Open Source Security

Subgraph is an open source security company

We believe that open source means good security. Security technology needs to be secure, and resilience in the face of public scrutiny is one of the best ways to get there. In this era, most people would not trust a proprietary, obfuscated cryptographic algorithm. So why do they trust proprietary, closed-source security technology?

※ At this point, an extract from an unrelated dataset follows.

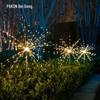 Beigong Solar-LED Pusteblumen-Feuerwerk Gartensteckerleuchte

The founders of Subgraph have deep roots in the world of open security research. They have built commercial successful security technology. Subgraph is the product of this experience and a strong belief in the real value of open source software.

David Mirza Ahmad


David has over 10 years in the information security business. He started his professional experience as a founding member of Security Focus, which was acquired by Symantec in 2002. David also moderated the Bugtraq mailing list, a historically important forum for discussion of security vulnerabilities, for over four years. He has spoken at Black Hat, Can Sec West, AusCERT and numerous other security conferences, as well as made contributions to books, magazines and other publications. David also participated in a NIAC working group on behalf of Symantec to develop the first version of the CVSS (Common Vulnerability Scoring System) model and served as editor for the Attack Trends section of IEEE Security & Privacy for over three years. His current obsession is building Subgraph, a Montreal-based open source security startup.

Bruce Leidl


Bruce has been developing innovative network security software for the last 12 years at companies such as Secure Networks, Inc., Network Associates (now McAfee), SecurityFocus (acquired by Symantec), and Core Security Technologies. As a security researcher he has published several vulnerability advisories including an exploitable heap overflow in the TCP reassembly component of the Snort IDS. Bruce was also a principal developer on the open source Netifera platform.